Une fois adoptée, la délibération arrêtant le projet de PLU, décision qui est communicable sur le fondement de l'article L2121-26 du code général des collectivités territoriales, le projet de PLU adopté par le groupe de travail et les prescriptions préfectorales, en particulier le porter à connaissance, deviennent communicables.
3. Jusqu'à l'issue de l'enquête publique
L'article L153-19 du code de l'urbanisme prévoit que le projet de plan local d'urbanisme arrêté est soumis à enquête publique réalisée conformément au chapitre III du titre II du livre Ier du code de l'environnement, auquel l'article L342-2 du code des relations entre le public et l'administration a étendu la compétence de la commission.
En application de l'article L123-11 du code de l'environnement, les éléments du dossier d'enquête publique sont communicables à toute personne sur sa demande, avant l'ouverture de l'enquête publique dès lors qu'ils peuvent être regardés comme achevés en la forme, ou pendant celle-ci.
Les documents qui résultent de cette enquête, notamment le rapport et ses annexes, les conclusions du commissaire enquêteur et les registres mis à la disposition du public ne sont, en principe, communicables qu'à la clôture de l'enquête publique.
En revanche, les informations relatives à l'environnement au sens de l'article L124-2 du code de l'environnement, même si elles sont contenues dans des documents qui résultent de l'enquête, sont immédiatement communicables selon les modalités particulières prévues par les articles L124-1 à L124-8 du même code.

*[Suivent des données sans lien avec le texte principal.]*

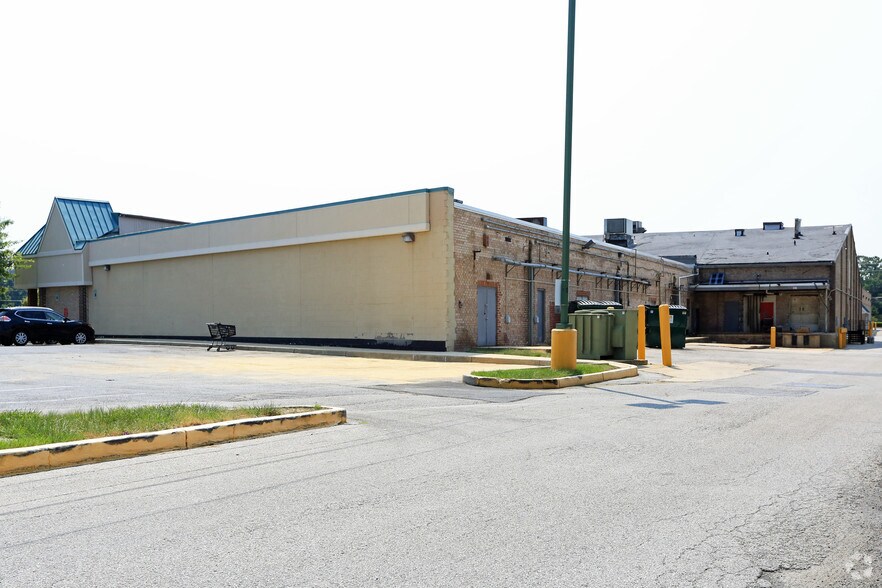 More Photos Of 6151-6153 Livingston Rd, Oxon Hill Storefront For Lease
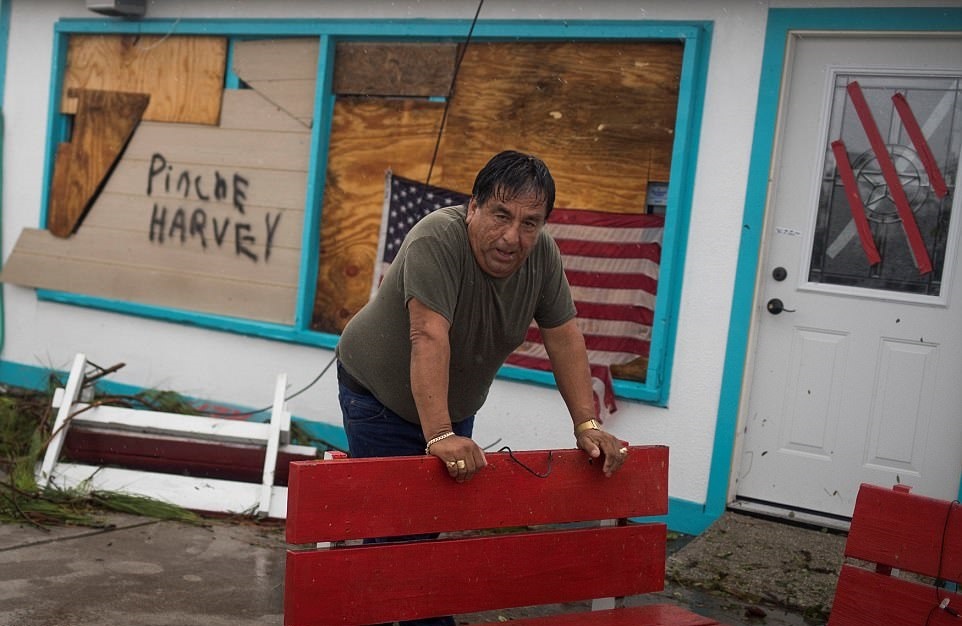 Ôtô lật nhào, nhà cửa tan nát sau siêu bão Harvey ở Mỹ ảnh 5 Oto lat nhao, nha cua tan nat sau sieu bao Harvey o My anh 5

4. Après la clôture de l'enquête publique et avant l'approbation par le conseil municipal
Les documents soumis à l'enquête publique ainsi que ceux qui résultent de cette enquête, notamment le rapport et ses annexes, les conclusions du commissaire enquêteur (dès leur remise à l'autorité compétente) et les registres mis à la disposition du public sont communicables.
5. Après approbation du PLU (ou de sa révision) par le conseil municipal
L'approbation du PLU (ou de sa révision) lève tout secret sur les pièces du dossier qui n'auraient pas été révélées au public lors des précédentes phases de la procédure.
La commission émet, en application de ces principes, un avis favorable à la demande, sous ces réserves. Elle comprend des pièces du dossier que le projet de révision du PLU a été arrêté par une délibération du conseil municipal en février 2023. D'après les informations disponibles sur le site internet de la mairie X, l'enquête publique aurait également eu lieu. En revanche, il n'apparaît pas que le PLU aurait d'ores et déjà été approuvé.
Elle précise, enfin, qu’il ne lui appartient pas de se substituer à l’administration en procédant elle-même à la communication de documents. Elle invite donc le maire X à procéder à l'envoi des documents sollicités, conformément aux dispositions de l’article L311-9 du code des relations entre le public et l’administration.